There's also another folio_clear_uptodate() call in
fuse_try_move_folio() in fuse/dev.c when the server gifts pages to the
kernel through vmsplice. This one I think is needed else
folio_end_read() will xor uptodate state of an already uptodate folio
(commit 76a51ac ("fuse: clear PG_uptodate when using a stolen page")
says a bit more about this).

> [snip]
>
> Here's the log of a run with the change you've provided applied: https://qa-reports.linaro.org/lkft/sashal-linus-next/build/v6.18-rc7-13807-g26a15474eb13/testrun/30620754/suite/log-parser-test/test/exception-warning-fsiomapbuffered-io-at-ifs_free/log

Hmm, I think this WARN_ON_ONCE is getting triggered from the
folio_mark_uptodate() call in fuse_fill_write_pages().

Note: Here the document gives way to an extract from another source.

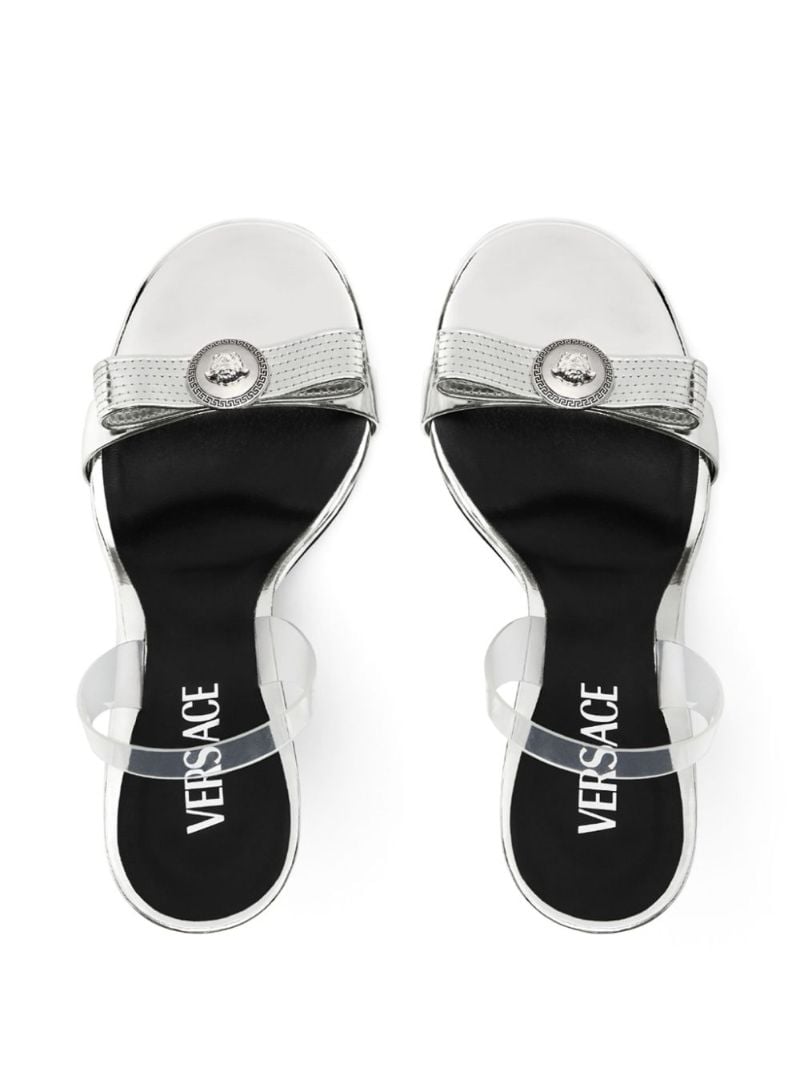 Silver-tone Gianni Ribbon 110 Leather Sandals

This is happening because iomap integration hasn't (yet) been added to
the fuse writethrough path, as it's not necessary / urgent (whereas
for buffered writes, it is in order for fuse to use large folios). imo
updating the folio uptodate/dirty state but not the bitmap is
logically fine as the worst outcome from this is that we miss being
able to skip some extra read calls that we could saved if we did add
the iomap bitmap integration. However, I didn't realize there's a
WARN_ON_ONCE checking the ifs uptodate bitmap state (but curiously no
WARN_ON_ONCE checking the ifs dirty bitmap state).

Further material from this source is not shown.